Uniformly continuous functionals on the Fourier algebra of any locally compact group

Let G be any locally compact group. Let $VN\,(G)$ be the von Neumann algebra generated by the left regular representation of G. We study in this paper the closed subspace $UBC\mathop {(G)}\limits^ \wedge$ of $VN\, (G)$ consisting of the uniformly continuous functionals as defined by E. Granirer. When G is abelian, $UBC\mathop {(G)}\limits^ \wedge$ is precisely the bounded uniformly continuous functions on the dual group Ĝ. We prove among other things that if G is amenable, then the Banach algebra $UBC\mathop {(G)}\limits^ \wedge {\ast}$ (with the Arens product) contains a copy of the Fourier-Stieltjes algebra in its centre. Furthermore, $UBC\mathop {(G)}\limits^ \wedge {\ast}$ is commutative if and only if G is discrete. We characterize $W\mathop {(G)}\limits^ \wedge$, the weakly almost periodic functionals, as the largest subspace X of $VN\, (G)$ for which the Arens product makes sense on ${X^ {\ast} }$ and ${X^ {\ast} }$ is commutative.
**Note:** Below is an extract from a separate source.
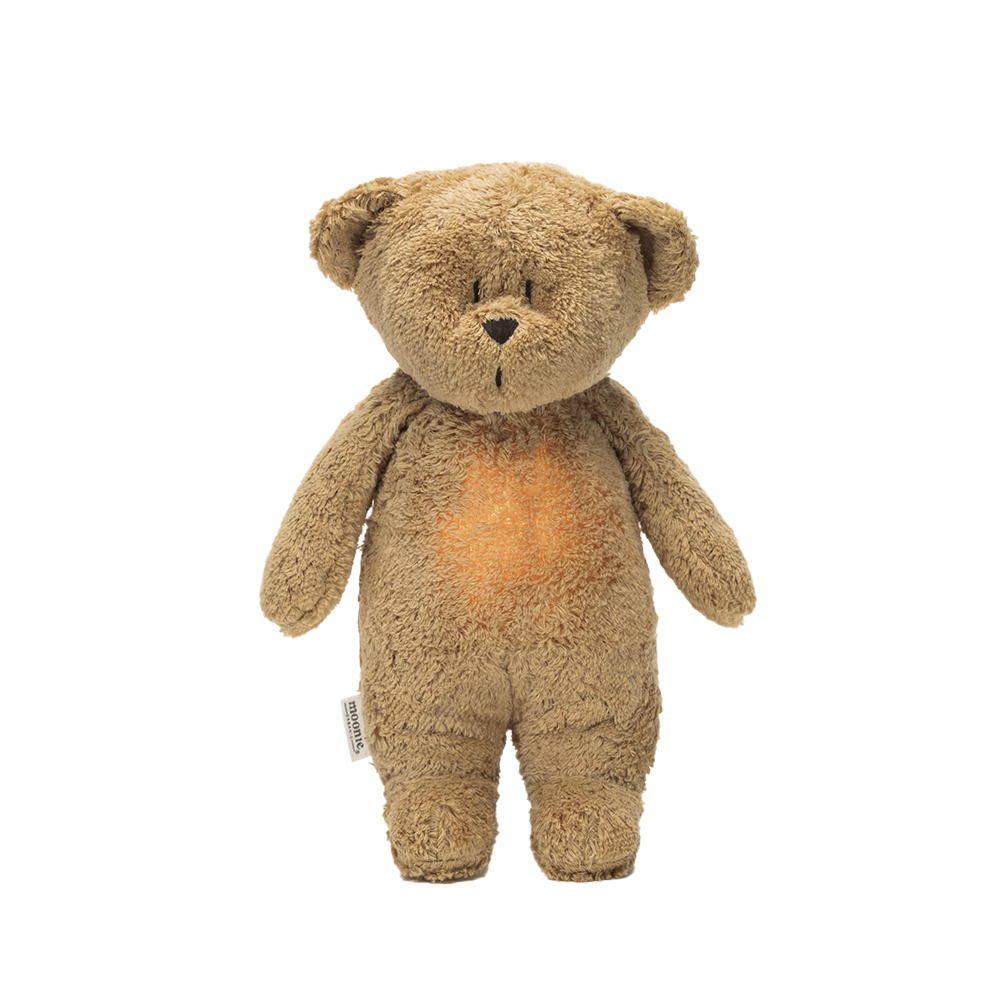Moonie Teddybär mit Licht &#39;Organic Humming Bear&#39; Cappuccino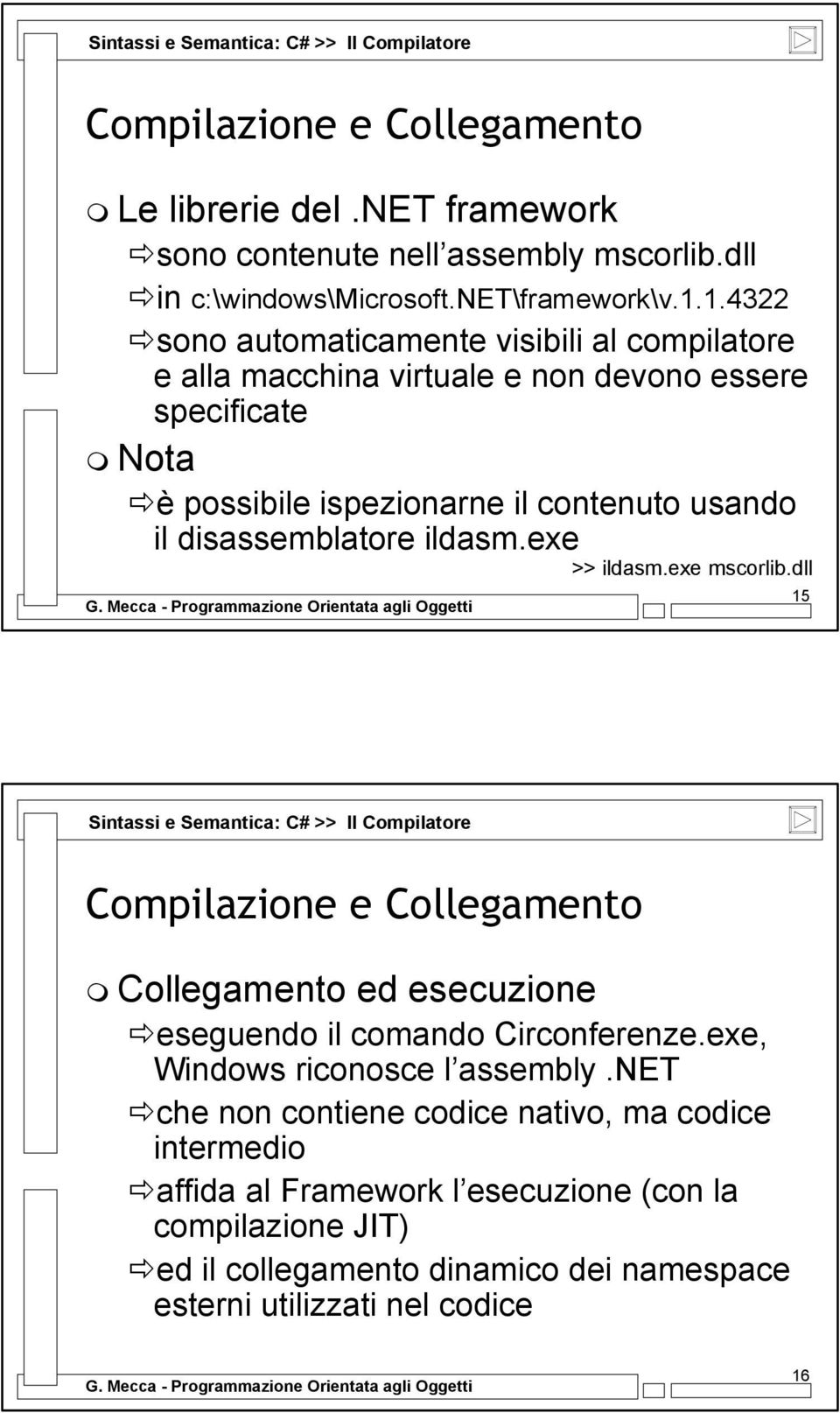disassemblatore ildasm.exe >> ildasm.exe mscorlib.dll 15 Sintassi e Semantica: C# >> Il Compilatore Collegamento ed esecuzione eseguendo il comando Circonferenze.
We also show that if G is amenable, then for certain subspaces Y of $VN\, (G)$ which are invariant under the action of the Fourier algebra $A\, (G)$, the algebra of bounded linear operators on Y commuting with the action of $A\, (G)$ is isometric and algebra isomorphic to ${X^ {\ast} }$ for some $X \subseteq UBC(\mathop {G)}\limits^ \wedge$.